Will the scripted refresh be a single point only, or could you pass it a group of points?
Would that bypass the Modbus attempt to optimize requests?

it would be single requests for points, good observation! One could construct BatchRead objects manually if there were a need to do so, like this person is doing (but I don't think they're using Mango) https://forum.infiniteautomation.com/topic/2574/how-to-cast-batchresults-getvalue-n-property-to-int-in-modbus-tcp-ip or splitting the points across the different data sources would enable you to refresh the whole data source to poll those points together in the same request. Separating them into different data sources and just using polling rate would probably be the best easy tactic, but if an event would trigger a temporary faster polling time I could certainly see scripting that, like we've discussed here or as in this thread where the data source's poll period is adjusted in an event handler: https://forum.infiniteautomation.com/topic/3288/alter-data-source-update-time-via-event-handler

jvaughters

However, the refresh work around may be the only way to do it for a device that only allows a single TCP/IP session, so that is a good technique to remember and keep in my tool box. Plus, single point MODBUS requests are not the most efficient, but in reality the load increase is very small in most cases. I like it, thx.

rob987

Hi,
Just reporting that no errors in the last 24 hours,
I have the TCP with keepalive set, Comms was very unreliable with a new connection for each request.
Now the forest of errors has disappeared, I notice I get a "Connect timeout" twice a day, about an hour after sunset, and an hour before sunrise. I suspect a quick fix for a leaky system, as the inverter reboots twice a day.
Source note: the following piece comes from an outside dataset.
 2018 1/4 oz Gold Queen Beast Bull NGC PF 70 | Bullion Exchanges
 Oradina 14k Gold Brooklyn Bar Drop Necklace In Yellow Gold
The inverter only accepts one modbus connection at a time, so a second device is not an option.

The instant power value swings very quickly, as clouds move accross the sky, and the fastest update time I can get allows he PLC to adjust the load on 2 x hot water system elements via SSRs. The kWh value is only really used to display "daily usage" of 15 - 30 kWh. It could be read every 15 - 30 minutes.

I have a support request open with solaredge, and have sent then the wireshark logs of a working modpoll connection from a PC, and a PLC connection showing only 3 x SYN request. I will sent them my findings from this, but I will ask for a "stress test" on the next inverter I purchase.

Thanks for all your help

phildunlap

Hi rob987,

Thanks for all your help

Thank you for the very thorough first post!

The kWh value is only really used to display "daily usage" of 15 - 30 kWh. It could be read every 15 - 30 minutes.

Another possibility I forgot to mention would be using a scripting data source to enable, wait, and then disable the points that don't need the faster poll rate, and then speed up the polling on the data source normally.